Ma tornando al progetto Google, Alcon ipotizza e si augura che il proprio gioiello – prodotto in collaborazione con il colosso di Mountain View – possa essere utilizzato anche per la correzione dei deficit visivi del paziente (in particolare la presbiopia), così come avviene con le attuali lenti a contatto: i ricercatori stanno sviluppando un sistema che permetta di modificare il diametro della lente sulla base delle informazioni luminose ricevute da un sensore a foto-diodi. Un’ipotesi tanto fantascientifica quanto affascinante che potrebbe essere messa in atto anche in ambito chirurgico con lo sviluppo di una lente intraoculare simile a quella che viene attualmente impiantata per la cura della cataratta.

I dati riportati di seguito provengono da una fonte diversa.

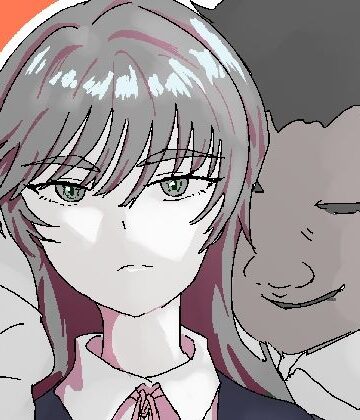 【エロ漫画raw】せんせいとリコ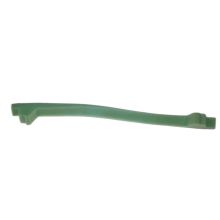 Protezione Condensa 766330447 Lavastoviglie SMEG,WESTINGHOUSE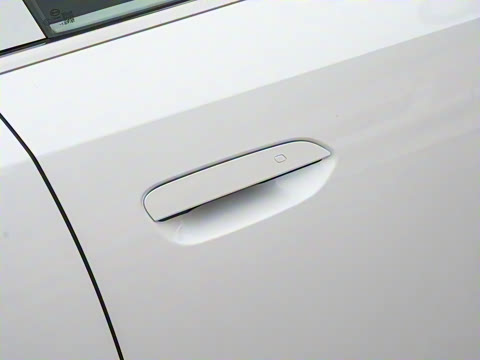 2025�� EV 545KM������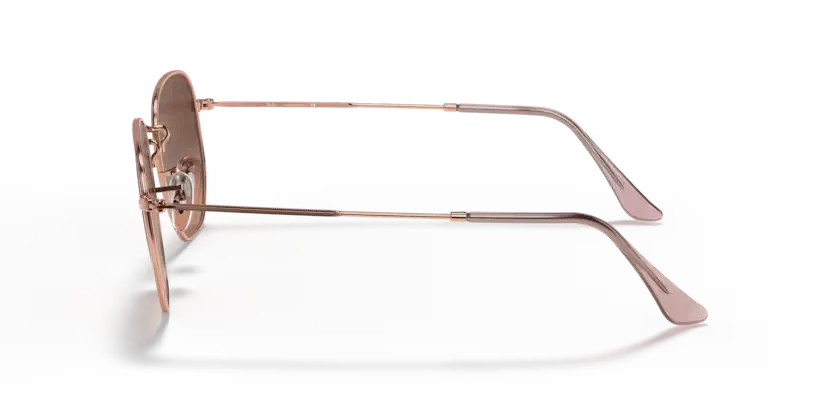 rb3548n9069a5_2.png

Il grande topic del XXI secolo, il benessere, è quindi diventato uno degli obiettivi principali di società apparentemente lontane da questo universo ma che, tuttavia, sono in grado di investire ingenti quantità di denaro.
E se fino al secolo scorso tutto ciò era ottimo materiale per i migliori film di fantascienza, nei prossimi anni potrebbe essere invece una realtà consolidata al servizio del benessere e del miglioramento della qualità di vita.